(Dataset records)
= = = =
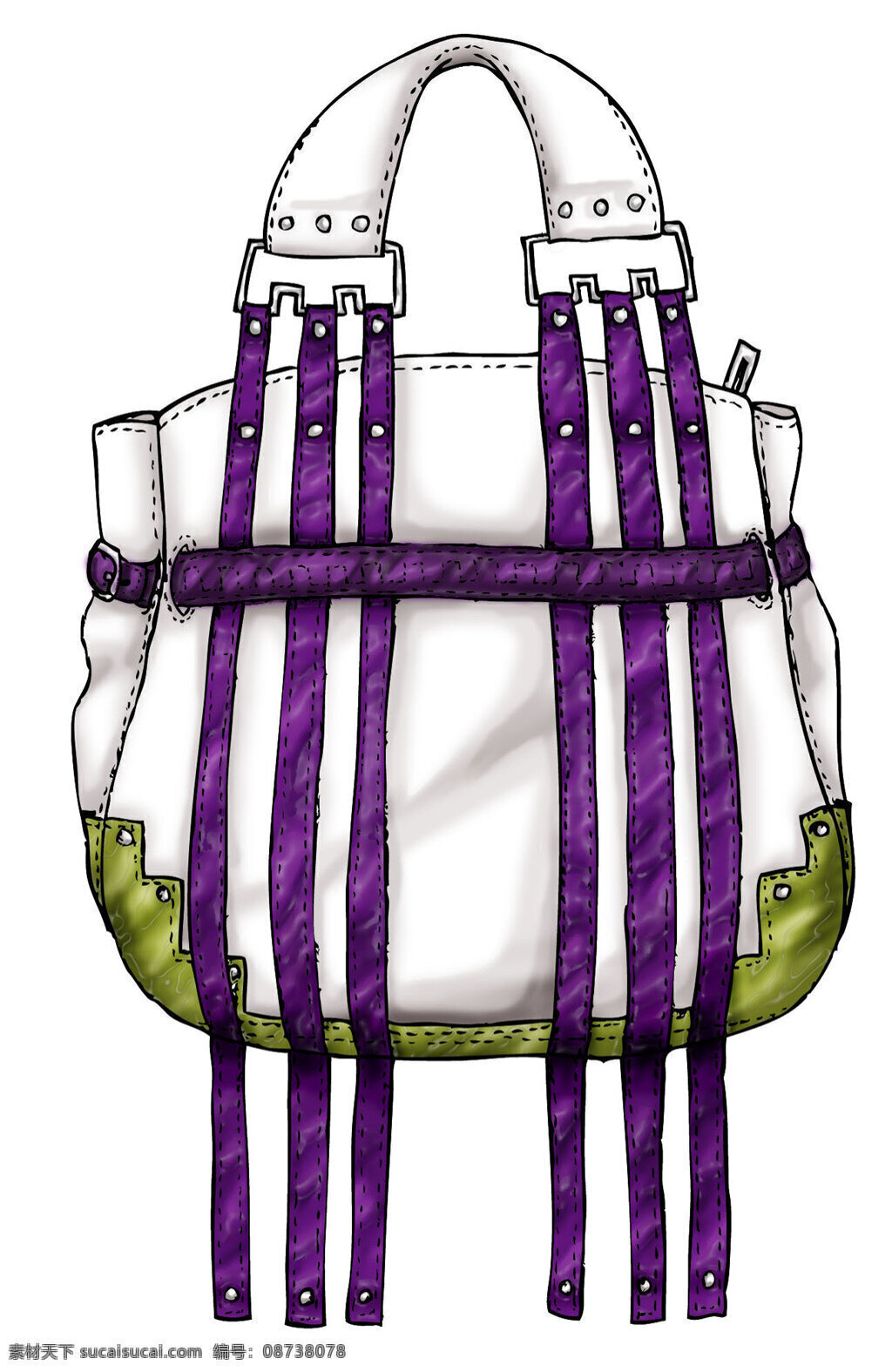 紫色 丝带 手提包 设计图 包包 钱包 女包 箱包 包包设计图 时尚女包 背包 双肩包 书包 男装 皮包 单肩包 手提包效果图 包包图片下载
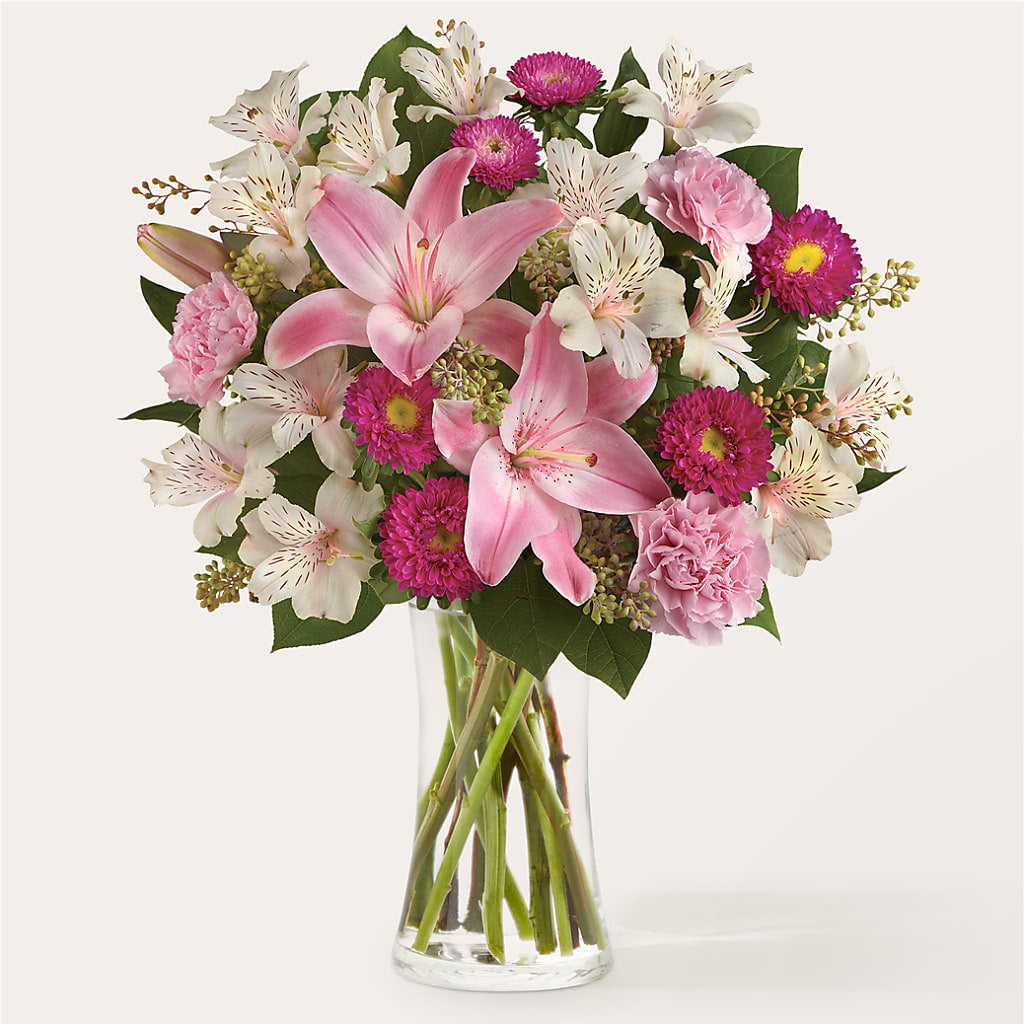 Feeling Fuchsia Bouquet – Semper Fi Florist, Oceanside CA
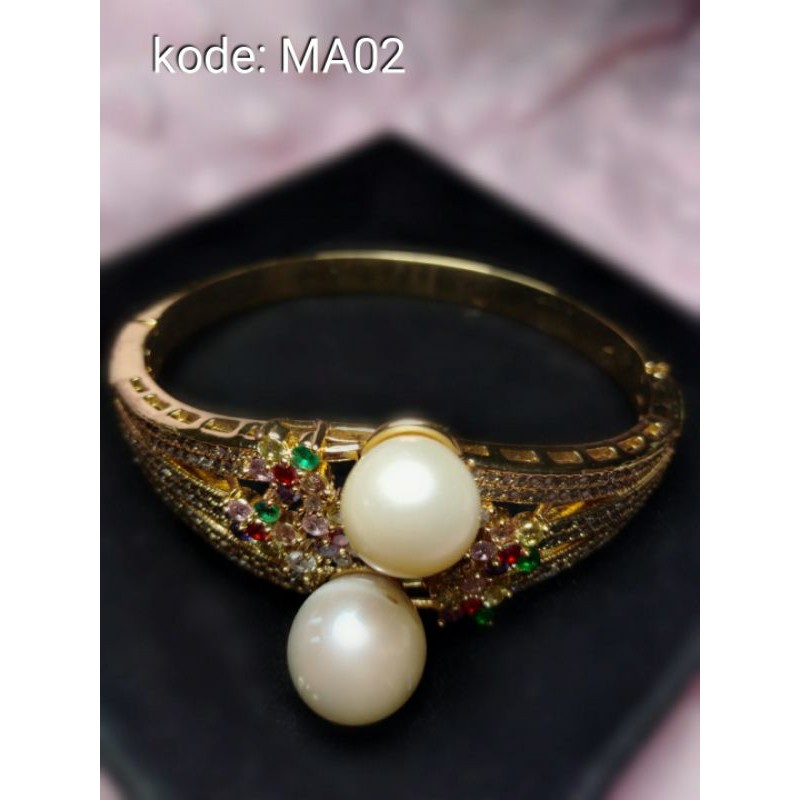 Gelang Mutiara batu (MA02)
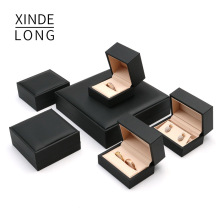 黑色拉丝PU皮首饰盒戒指盒吊坠项链盒手链手镯是收纳盒工厂现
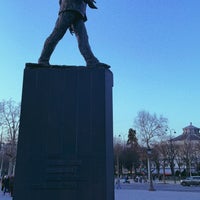 Photo taken at Statue de Charles de Gaulle by yousef on 2/28/2022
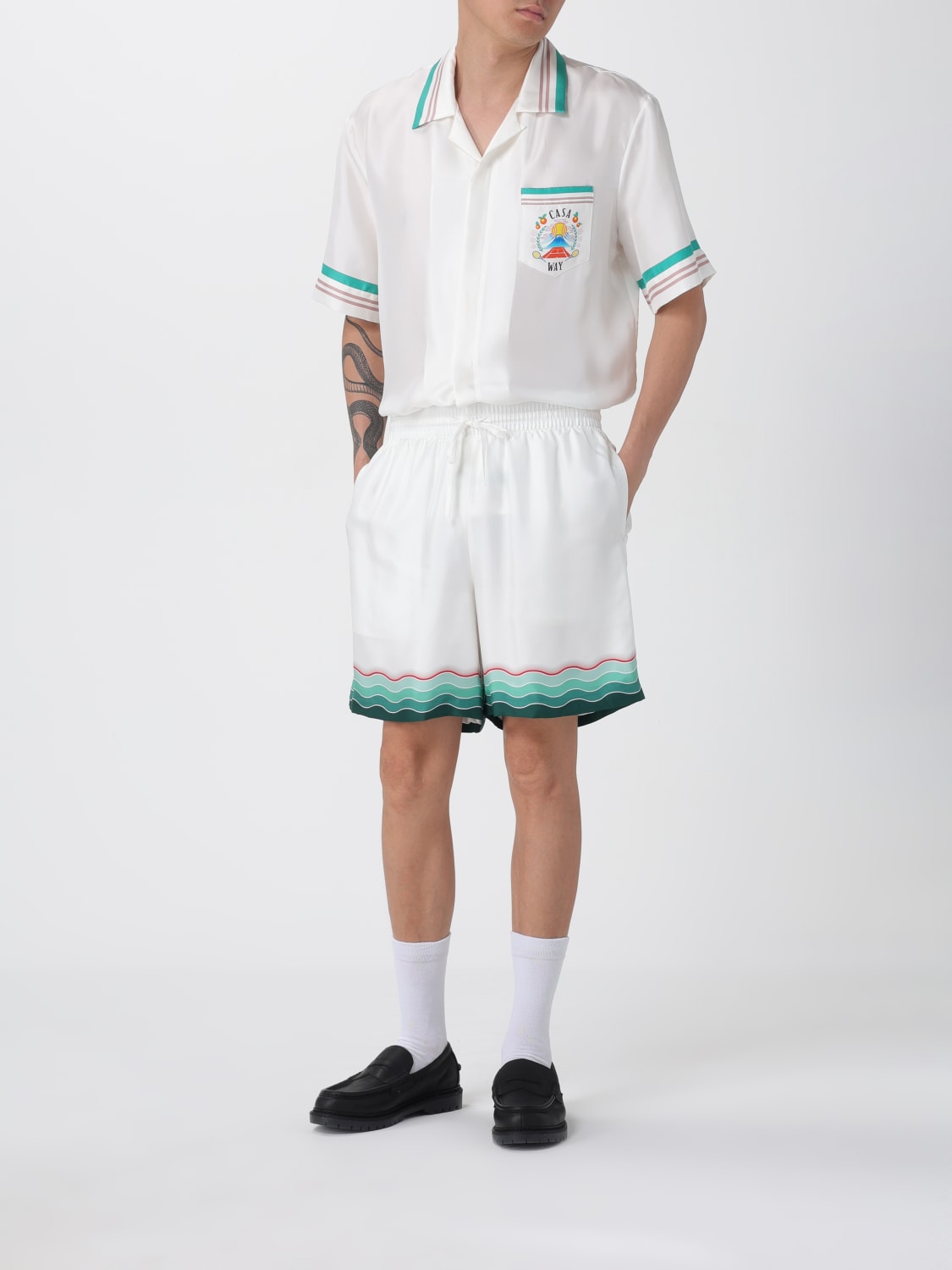 CASABLANCA SHORTS: Shorts men Casablanca, White - Img 2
= = = =
■ Exercise prompt ■
Write out again, exactly, each line from the one with "Photo taken at" to the end of the entries. No pictures go in.

■ Written solution ■
 Photo taken at Statue de Charles de Gaulle by yousef on 2/28/2022
 CASABLANCA SHORTS: Shorts men Casablanca, White - Img 2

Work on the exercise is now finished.